I did quite a bit of testing, it seems to work well. It still needs
some binutils and glibc patches which I'll send in a reply.
Questions for perf experts:
- Is the perf_event lifetime managed correctly or do we need to do
something to ensure it exists in unwind_user_task_work()?
Or alternatively is the original perf_event even needed in
unwind_user_task_work() or can a new one be created on demand?
- Is --call-graph=sframe needed for consistency?
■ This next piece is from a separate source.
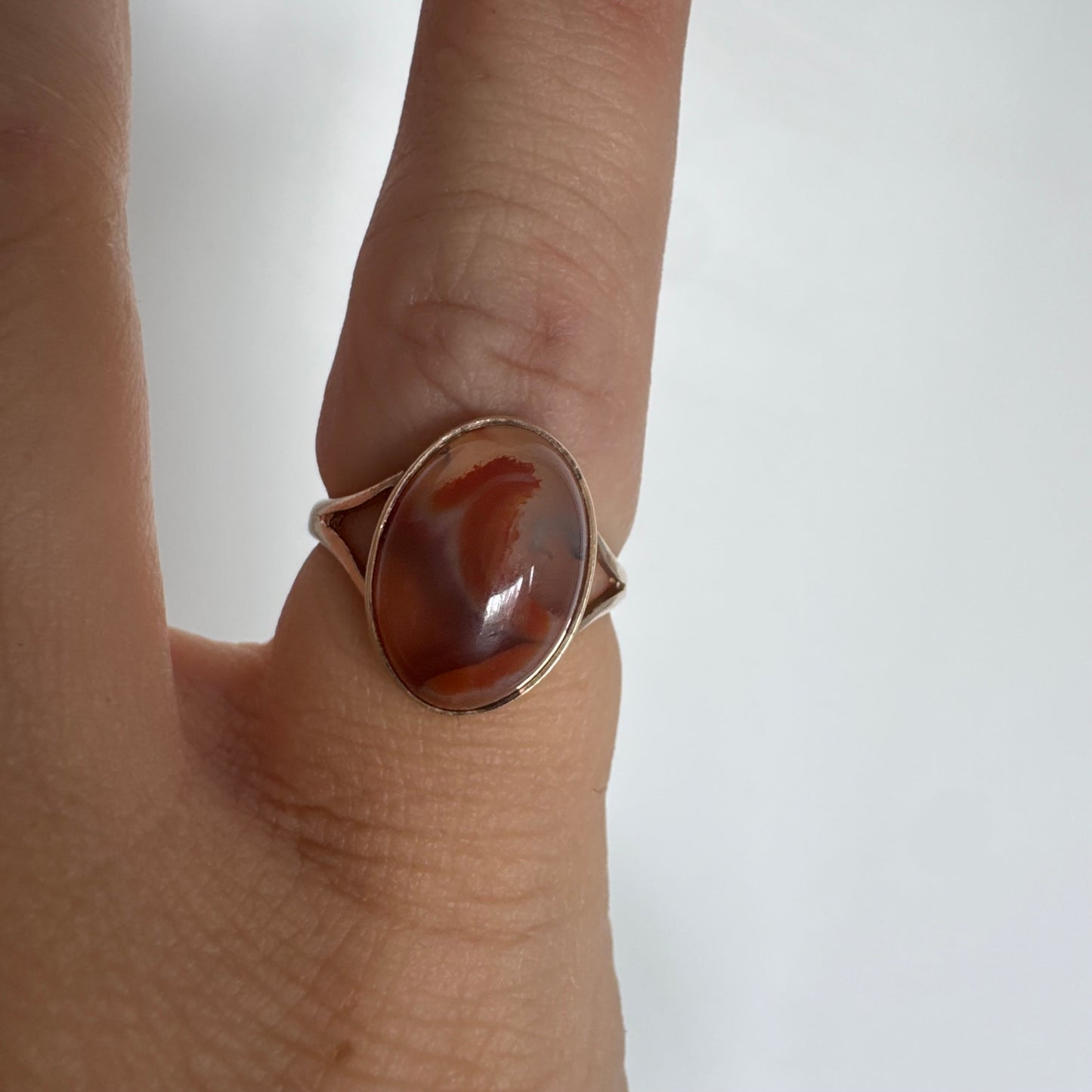 9K gold ring set with a warm reddish-brown stone featuring beautiful natural patterns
- Should perf use the context cookie? Note that because the callback
is usually only called once for multiple NMIs in the same entry
context, it's possible for the PERF_RECORD_CALLCHAIN_DEFERRED event
to arrive *before* some of the corresponding kernel events. The
context cookie disambiguates the corner cases.
Based on tip/master.
Also at:
git://git.kernel.org/pub/scm/linux/kernel/git/jpoimboe/linux.git sframe-v3
v3:
- move the "deferred" logic out of perf and into unwind_user with new
unwind_user_deferred() interface [Steven, Mathieu]
- add more sframe sanity checks [Steven]
- make frame pointers optional depending on arch [Jens]
- fix perf event output [Namhyung]
- include Namhyung's perf tool patches
- enable sframe generation in VDSO
- fix build errors [robot]
v2: https://lore.kernel.org/cover.1726268190.git.jpoimboe@kernel.org
- rebase on v6.11-rc7
- reorganize the patches to add sframe first
- change to sframe v2
- add new perf event type: PERF_RECORD_CALLCHAIN_DEFERRED
- add new perf attribute: defer_callchain
v1: https://lore.kernel.org/cover.1699487758.git.jpoimboe@kernel.org
Some distros have started compiling frame pointers into all their
packages to enable the kernel to do system-wide profiling of user space.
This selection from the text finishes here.